++++ Data provided ++++
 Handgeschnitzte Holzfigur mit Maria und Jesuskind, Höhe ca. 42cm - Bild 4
++++
++++ Data provided ++++
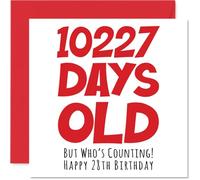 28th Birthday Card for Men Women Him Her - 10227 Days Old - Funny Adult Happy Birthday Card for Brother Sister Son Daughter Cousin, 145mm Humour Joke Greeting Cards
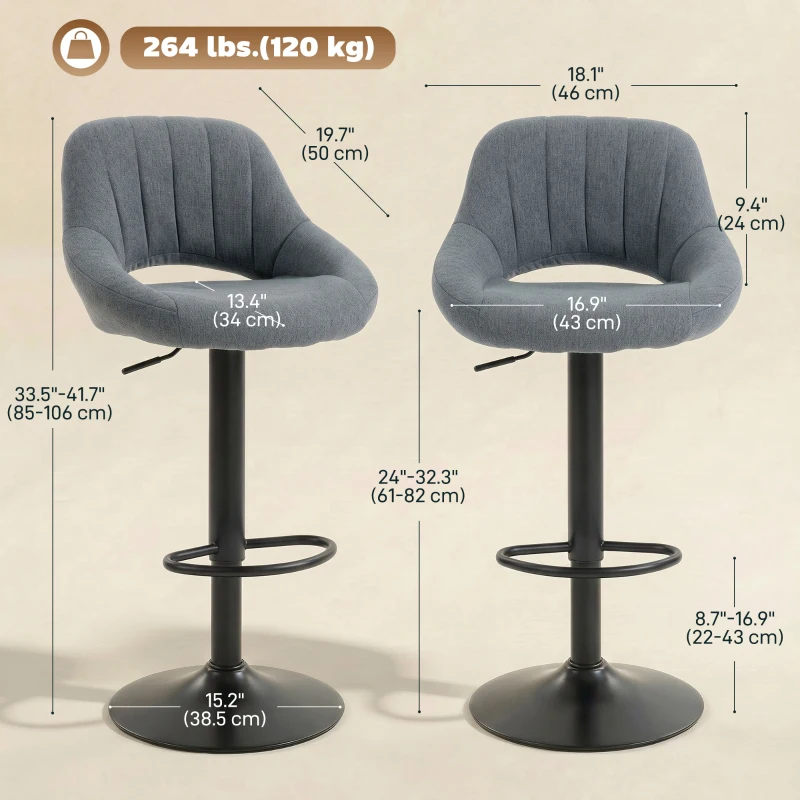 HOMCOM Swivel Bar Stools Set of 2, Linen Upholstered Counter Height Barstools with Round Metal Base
++++
● Assignment
What you return must match, character for character, the lines above from the one with "28th Birthday Card" through the one with "HOMCOM Swivel Bar", minus any pictures.

● Response box
 28th Birthday Card for Men Women Him Her - 10227 Days Old - Funny Adult Happy Birthday Card for Brother Sister Son Daughter Cousin, 145mm Humour Joke Greeting Cards
 HOMCOM Swivel Bar Stools Set of 2, Linen Upholstered Counter Height Barstools with Round Metal Base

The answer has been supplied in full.